Hello Bill (and others who might be interested)

> First off, I would recommend that you always capitalize the 
> "R", since when I read the original message, I wondered why 
> someone would create a web site called "we're late"? ;^)

Good point.  It's kind of a play on words, since "late" is another word for
"dead," but that's probably not obvious.

> The site looks good, but I didn't see a place for feedback, 
> so I'm sending it here.

I'll make that more explicit.

> The search has a strange feature.  I was looking for the 
> surname Leiden in Pennsylvania, and the first few entries 
> were from a town called Leiden in the Netherlands.  I'm 
> wondering if the index doesn't distinguish between place 
> names and people names.

The site doesn't do named-entity recognition currently so it can't
distinguish between Leiden used as a surname vs. as a place.  The reason to
have different entry fields for surname and place is if you enter Leiden as
a surname and check "include related names," we look up the names related to
Leiden in the surname database and expand the query to include them, but
weighted lower than an exact match.  Whereas if you enter Leiden as a place
we expand the query with the alternate names for Leiden in the places
database (Leida, Leyde, Leyden, and Lugdunum Batavorum).  I need to explain
this on the search page.

One issue right now is that Leiden is a pretty rare name - not in the top
100,000 surnames in the Social Security Death Index - so I haven't created a
surname page for Leiden.  However, it does appear as a related name on 18
other surname pages.  What I need to do in this case is expand the query
with those 18 other names.  I'll get around to doing that soon.
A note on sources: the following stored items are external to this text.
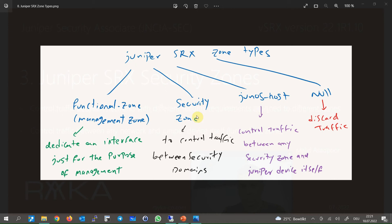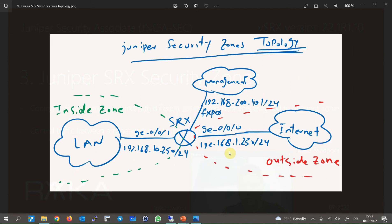Security zone is the main type of zone for security purposes. All interfaces with the same security requirements are assigned to the same security zones, and interfaces with different security requirements are assigned to different security zones. You are only allowed to control traffic between different security zones. This is the topology based on which we will configure security zones in this section.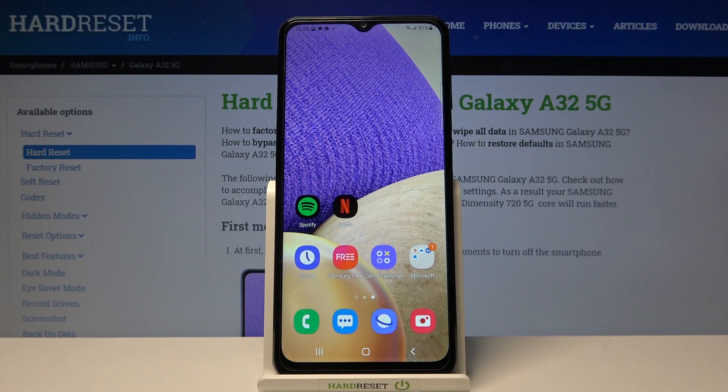Welcome. In front of me I have Samsung Galaxy A32 5G and today I will show you how we can hide the status and the navigation bars on the screenshots.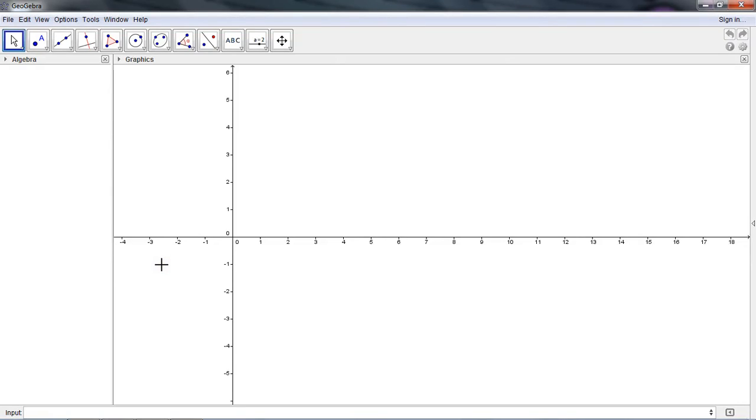In this video, I'm going to demonstrate how to create a GeoGebra applet to approximate the area under a curve using rectangles. I'm going to follow along with the setup that's listed within the directions for Lab 1.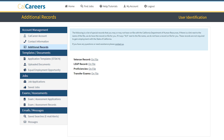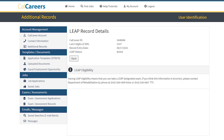If your LEAP record has been added to your CalCareers account, you will see a hyperlink showing that it is on file. For more information on your status, click the On File hyperlink.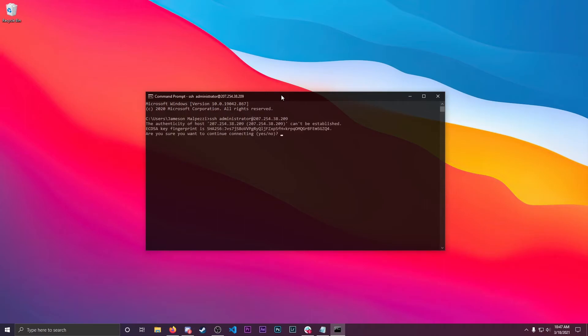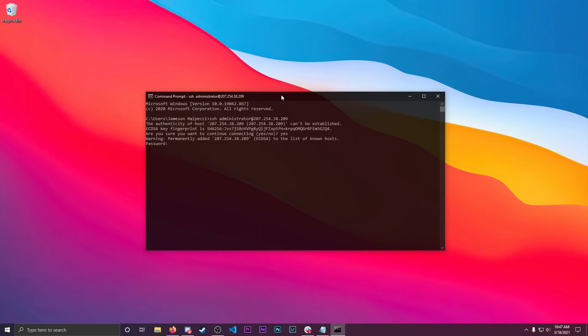Then hit enter. Here you'll type yes, enter your password, now you're logged in via SSH.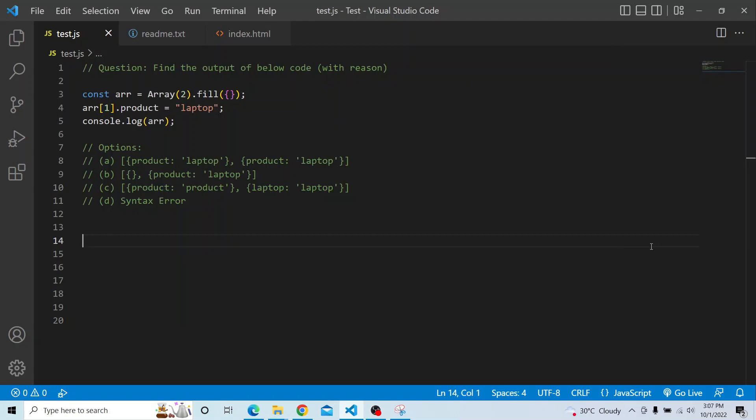Hi, welcome to the JavaScript coding interview series. In today's video, we have to find the output of the code provided and we have to provide a valid reason why we selected this particular answer.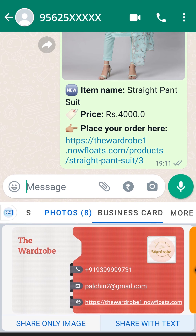The Business Keyboard works similarly on all popular social media platforms and chat messengers to help you promote and grow your business.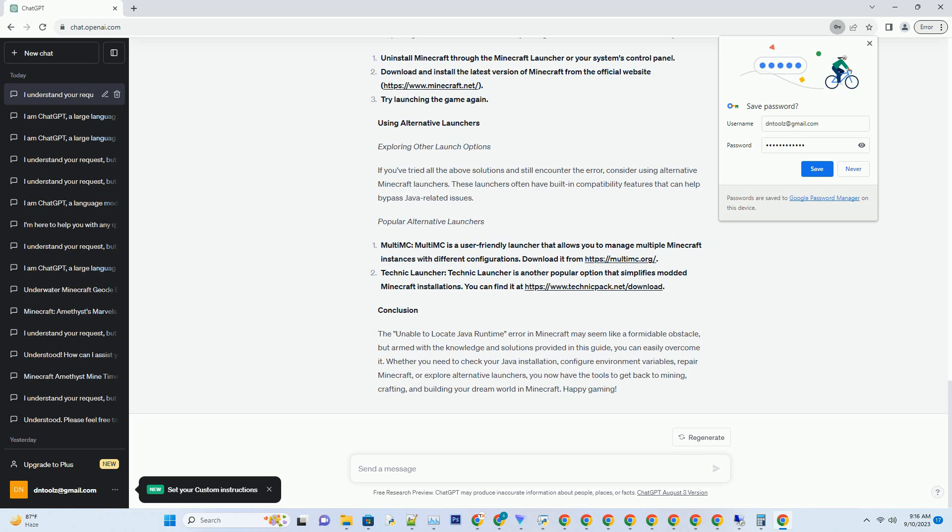Restarting Your System: After making changes to environment variables, it's essential to restart your computer to ensure that Minecraft recognizes the updated settings.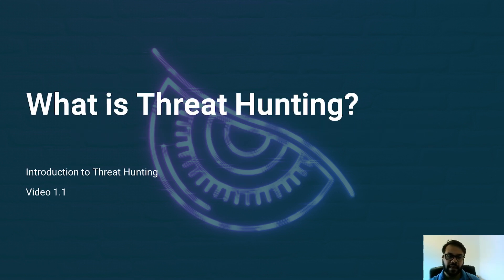As a first step, let's walk through some concepts, starting with: what is threat hunting?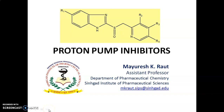Hello everyone, welcome to my YouTube channel ChemKorona. Myself, Mayuresh Routh, Assistant Professor, Department of Pharmaceutical Chemistry, Sinhagad Institute of Pharmaceutical Sciences.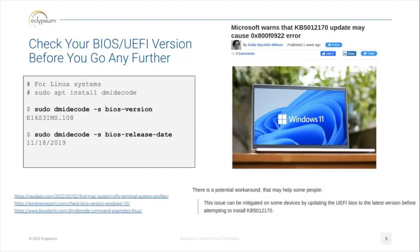On Linux you can check which BIOS version you're running using the dmidecode command to get your BIOS version and BIOS release date, then go check and apply your BIOS update.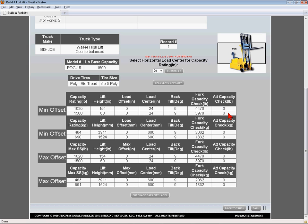At any time you can go back and change the truck or attachment features and then go back to the summary page and click the Calculate Capacity button again to instantly see how the changes affect the capacity rating.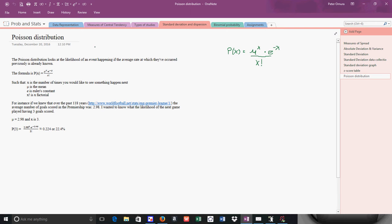I'm going to do a lesson on Poisson distribution. The Poisson distribution basically says if you know the average amount at which something is happening or has happened in the past, and you want to make a prediction about what's going to happen in the future, you can use Poisson. And here's how it works.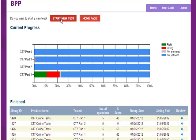From here, I can either start a new CT7 test or return to the home page and try a CT1 test or log out. I hope this video has been helpful. There is also a Frequently Asked Questions document on the ACTED website.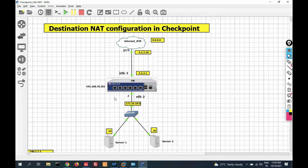Hello friends, welcome to my YouTube channel Tech Net Guide. In this video I am going to tell you how to configure destination NAT in checkpoint firewall. In the last video we have seen how to configure static and source hide NAT in checkpoint firewall, and in this video we will see how to configure destination NAT.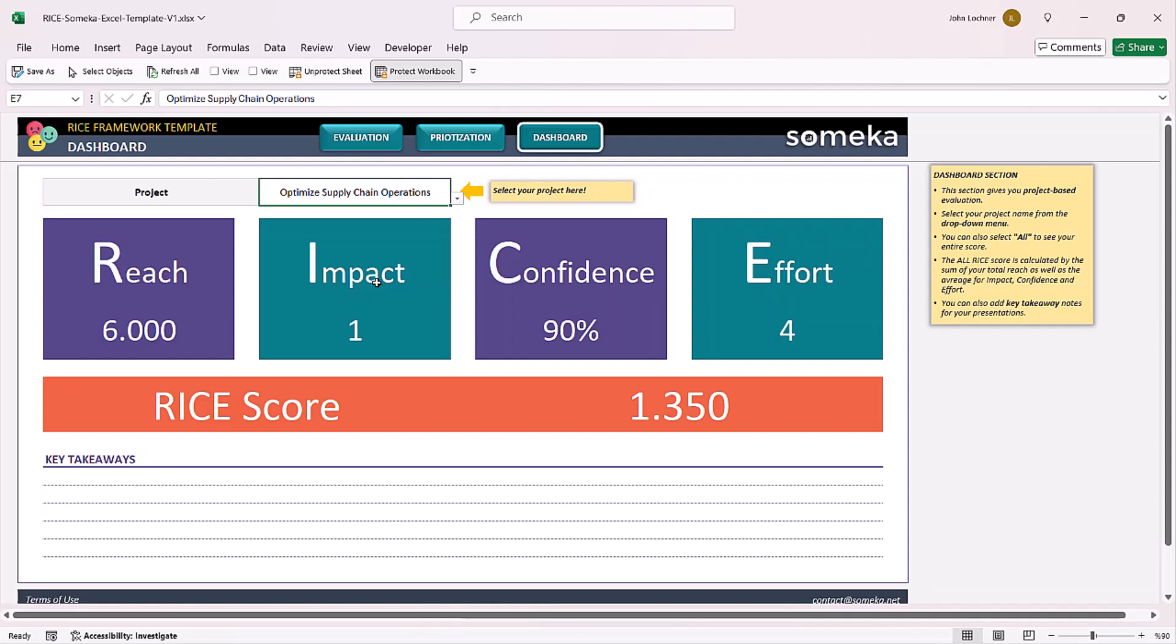Depending on the project you choose, the reach, impact, confidence, effort, and also the RICE score levels will be adjusted automatically according to the project you choose in this section.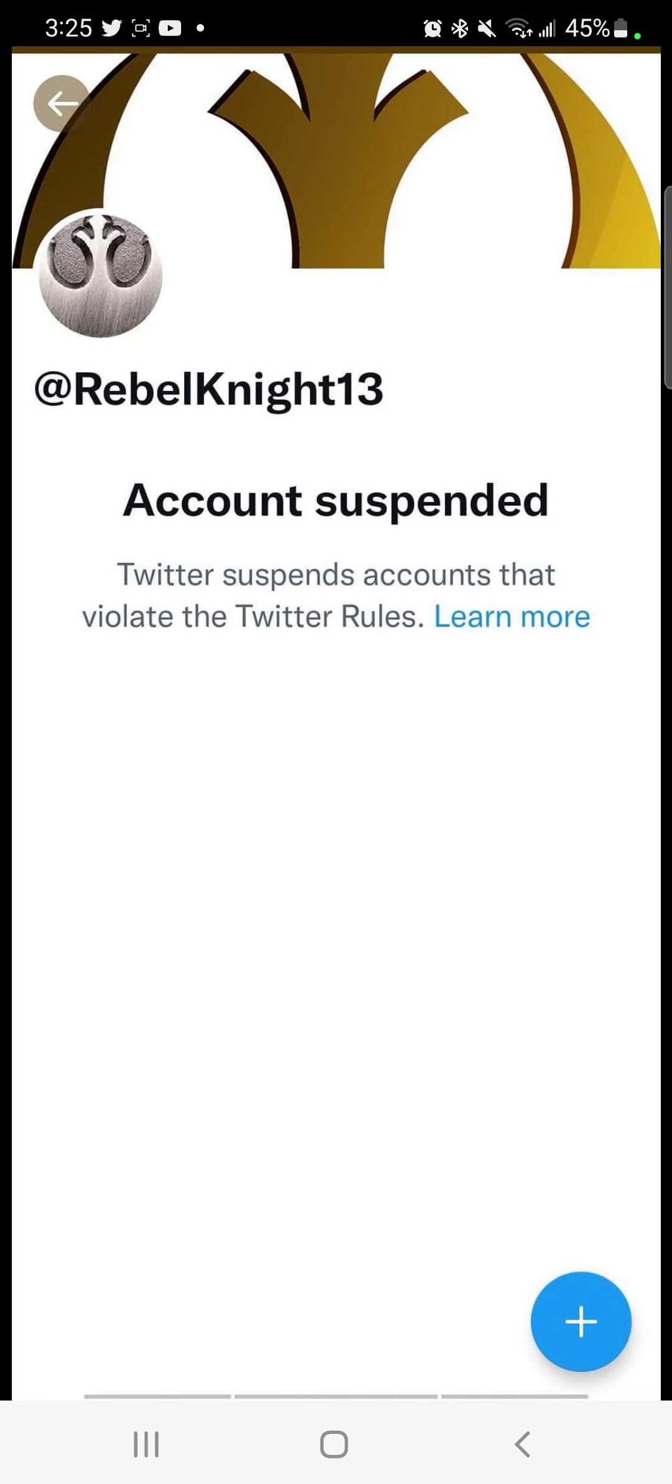But he also violated some Twitter rules as well and also making some statements. Twitter should be doing this and this rule is stupid and a whole bunch of others in a similar context.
> I would assume that in most cases the person name should have 
> the highest priority, followed by the place name.  Also, 
> place names could have a multi-tier priority.  If I specify 
> city, county, state parameters, then a match on all three 
> fields should come first, followed by matches of county and 
> state, followed by state.

This will all be much easier once I get the name-entity recognition in
place.  That's part of the plan, but it's harder than you might think
because there's a lot of genealogical data that's in tables and charts, and
traditional named-entity recognizers expect entities to be located within
well-formed paragraphs of text.  We've made some preliminary progress in
this area though and hope to have named-entity recognizers in place over the
next 4-6 months.

> BTW - it wasn't clear to me what was wanted for place names.  
> There are two text boxes: "Place" and "Located in".  Should 
> "Located in" 
> have county, state, and/or country?  I would suggest either 
> separate boxes for city, county/municipality, state (or 
> equivalent), and country, or some notes to explain what is 
> wanted where.

Good point.  I followed the convention used in Place Search in the Family
History Library Catalog, where "place" is the place you're searching for and
"located in" is used to restrict the set of matching places and can be any
place up the hierarchy (so Place=Provo returns Provo, Arkansas; Provo,
Kentucky; etc., but Place=Provo&LocatedIn=Utah returns just Provo, Utah, and
Place=Provo&LocatedIn=Utah County also returns just Provo, Utah).  It sounds
like I need to make this clearer.

Thank you so much for the excellent feedback!